Não penses que por lá estar a escrever este textito quero tirar a luz e a graça que irradiam das palavras do teu diário. Pelo menos ficas a saber que não és só tu que conheces essa tua nova escola, eu, por exemplo, passei lá a maioria dos meus dias felizes enquanto aluna e enquanto professora. Não resisti a escrever-te!

Continua a escrever Mariana. Já sou tua fã!”

Fogo! É fixe ter pelo menos uma fã. Ainda não estou em mim. E também foi fixe ver que há profs que compreendem os alunos e que dizem que a escola lhes dá felicidade. Quero mesmo dizer-lhe obrigada. E que também sou sua fã.

Beijinhos

Mariana

quinta-feira, 22 de setembro de 2011

Há flores que nascem onde menos se espera




Diário de Mariana

22 de setembro

Querido diário,

Hoje numa aula fiquei sem palavras. A prof de português quer convencer-nos que somos capazes, que escrever é bom e não sei quê. Ela tinha dito na primeira aula: podem escrever textos livres para além dos que vou marcar. Se calhar por isso, hoje, uma rapariga entrou na sala com uma folha na mão e disse logo à setora: ó setora, escrevi um texto, posso lê-lo? A professora disse que primeiro tinham de escrever o sumário. Ficou toda a gente em pulgas porque a rapariga parecia que tinha uma mensagem importante e urgente.

Quando já estava tudo sossegado e de caderno aberto, a prof perguntou: qual é o tema do texto que queres ler? E a minha colega: é o amor. E a setora: eu gosto de ler os textos antes de serem partilhados por toda a turma, sobretudo nesta altura do ano em que ainda não nos conhecemos muito bem. E a rapariga: é setora, o que escrevi é muito especial e não só para mim. Gostava mesmo de ler. E a setora: Está bem, podes lê-lo, então, e espero que seja uma mais-valia para a turma.

É claro que não fixei tudo o que estava escrito, mas ela leu coisas deste tipo numa espécie de carta: “Tu és a melhor coisa da minha vida. És o meu refúgio. Sem ti, a vida não tinha graça nenhuma. Tu és o meu amor. Serás meu e eu serei tua para sempre. Não imaginas como sonho com esse momento contigo ao meu lado. És lindo e fofinho…”

A setora ouvia e via-se que estava mesmo admirada. No final da leitura, disse assim: vejo que estás apaixonada e por isso nem reparaste em alguns erros de concordância. E a rapariga: estou, setora, estou apaixonada e até gostava de dizer por quem.
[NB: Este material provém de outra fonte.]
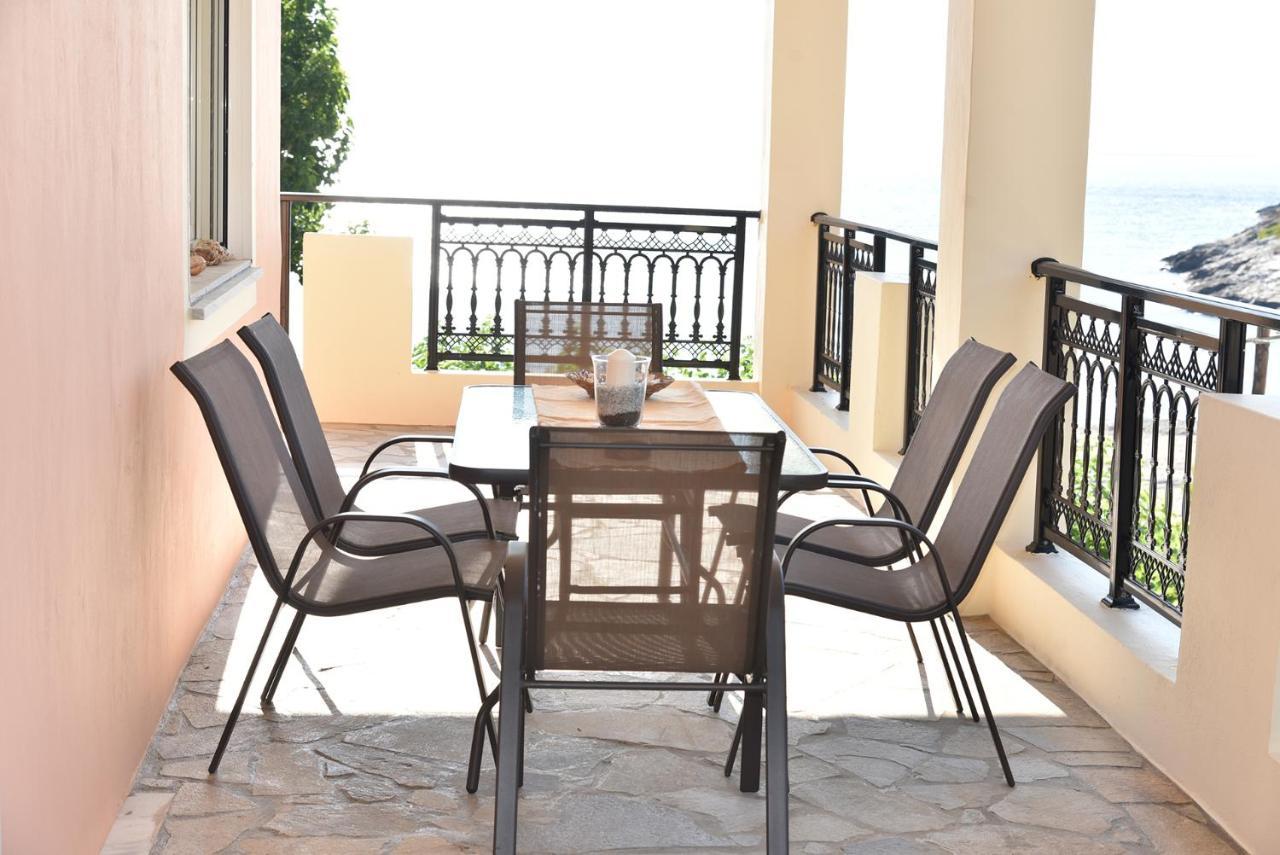 Irene'S Beach Front House Vromopousi 外观 照片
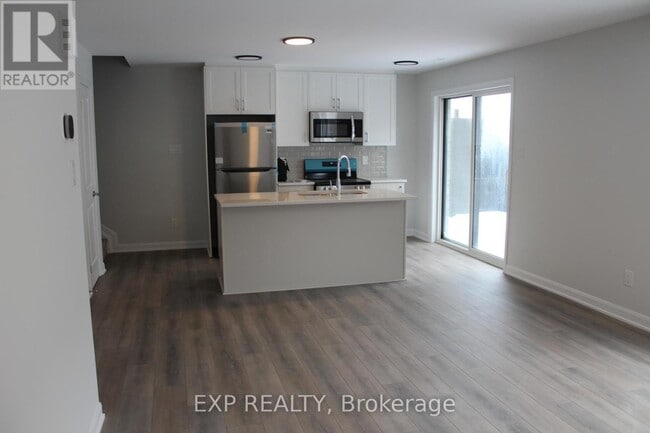 Building Photo - 801 Glenroy Gilbert Dr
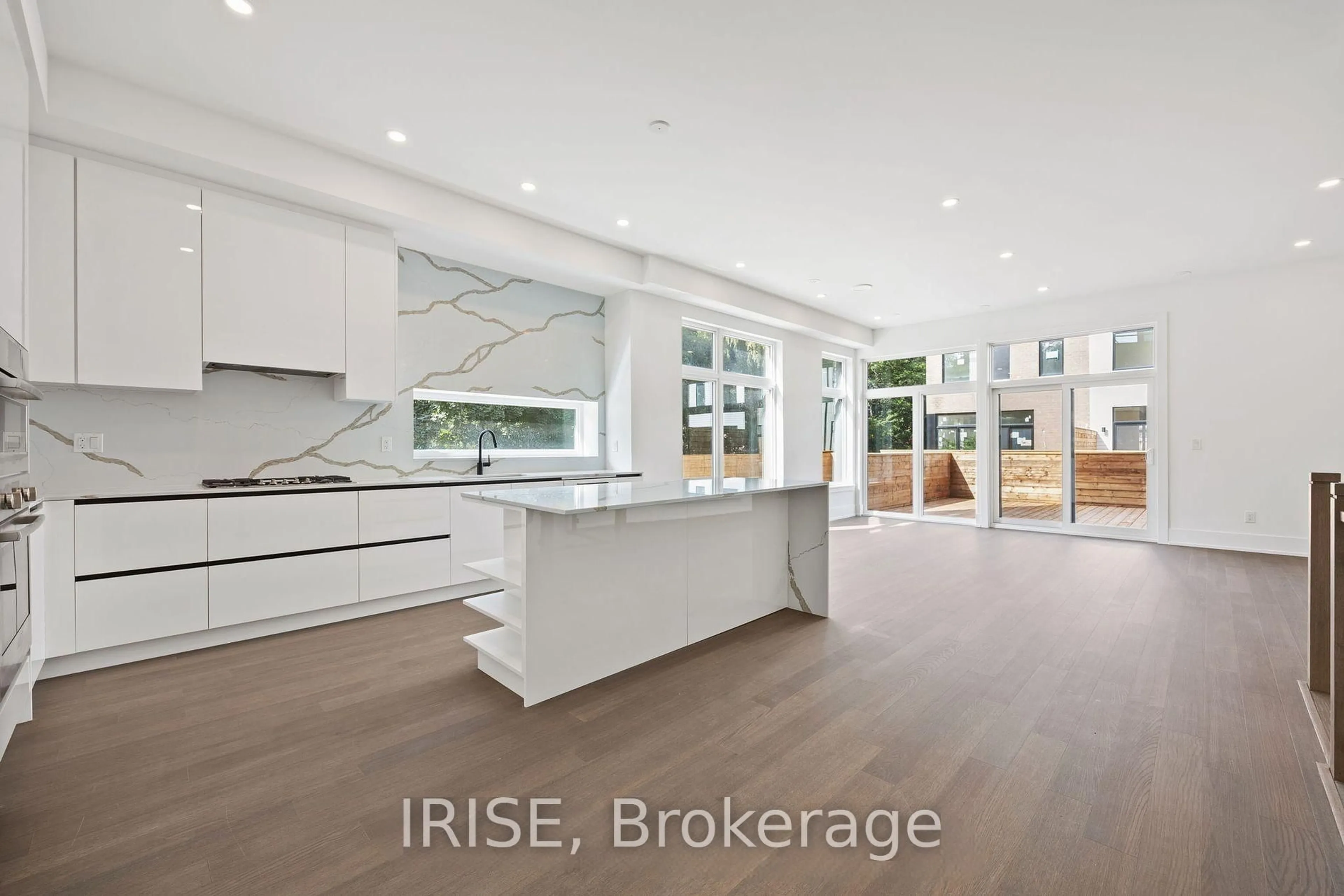 Open concept kitchen, ceramic/tile floor for 40 Lou Parsons Way #55, Mississauga Ontario L5H 0B2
Perto de mim, ouvi um rapaz dizer: que estúpida, vai dizer que gosta do João.

O tal João é um rapaz que está na carteira atrás de mim. Toda a gente olhou para ele e viu que ele estava mais corado do que um tomate. Coitado do moço.

Fogo, que declaração de amor esquisita. Parecia teatro. Será que esta cena se vai passar comigo se um dia me apaixonar? Fogo!

Muitos beijinhos quentinhos porque houve muita paixão na aula e eu disse “fogo” várias vezes.